In obedience to a universal law of development and growth, when the Roman empire had reached the limits of physical expansion, when Roman conquest was complete, when Roman laws and letters had reached approximate perfection, and when Roman civilization had attained its crown and consummation, Roman decline began. The birth of the empire marked the beginning of the end. It was then that the shades of night commenced to gather slowly upon the Roman world; and that the Roman ship of state began to move slowly but inevitably, upon a current of indescribable depravity and degeneracy, toward the abyss. The Roman giant bore upon his shoulders the treasures of a conquered world; and Bacchus-like, reeled, crowned and drunken, to his doom.

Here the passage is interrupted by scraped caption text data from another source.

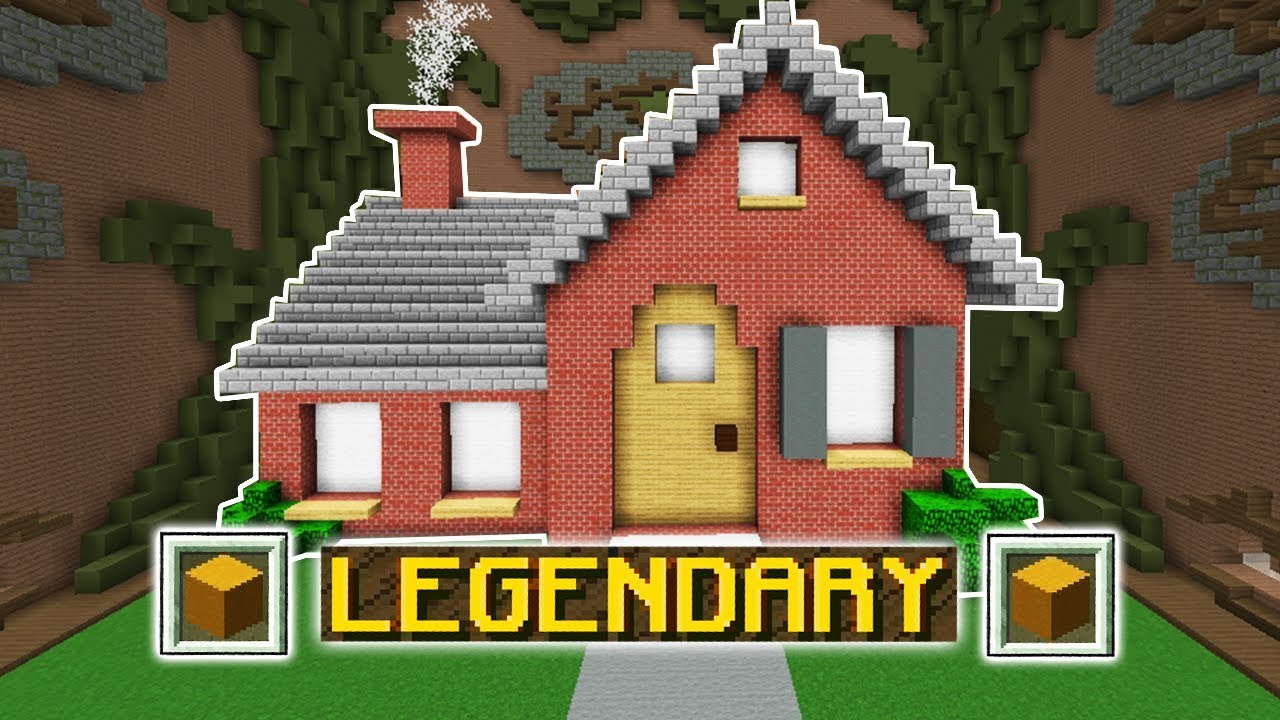 LEGENDARY 3 WINS (Minecraft Build Battle)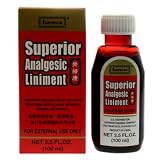 Superior Trading Co. Superior Analgesic Liniment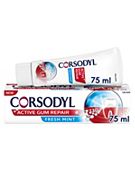 Corsodyl Active Gum Repair, Toothpaste for Bleeding Gums, 75 ml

No period of human history is so marked by lust and licentiousness as the history of Rome at the beginning of the Christian era. The Roman religion had fallen into contempt. The family instinct was dead, and the marital relation was a mockery and a shame. The humane spirit had vanished from Roman hearts, and slavery was the curse of every province of the empire. The destruction of infants and the gladiatorial games were mere epitomes of Roman brutality and degeneracy. Barbarity, corruption and dissoluteness pervaded every form of Roman life.
A perfect picture of the depravity of the times about which we write may be had from a perusal of the Roman satirists, Tacitus and Juvenal. The ordinary Roman debauchee was not the sole victim of their wrath. They chiseled the hideous features of the Cæsars with a finer stroke than that employed by Phidias and Praxiteles in carving statues of the Olympic gods.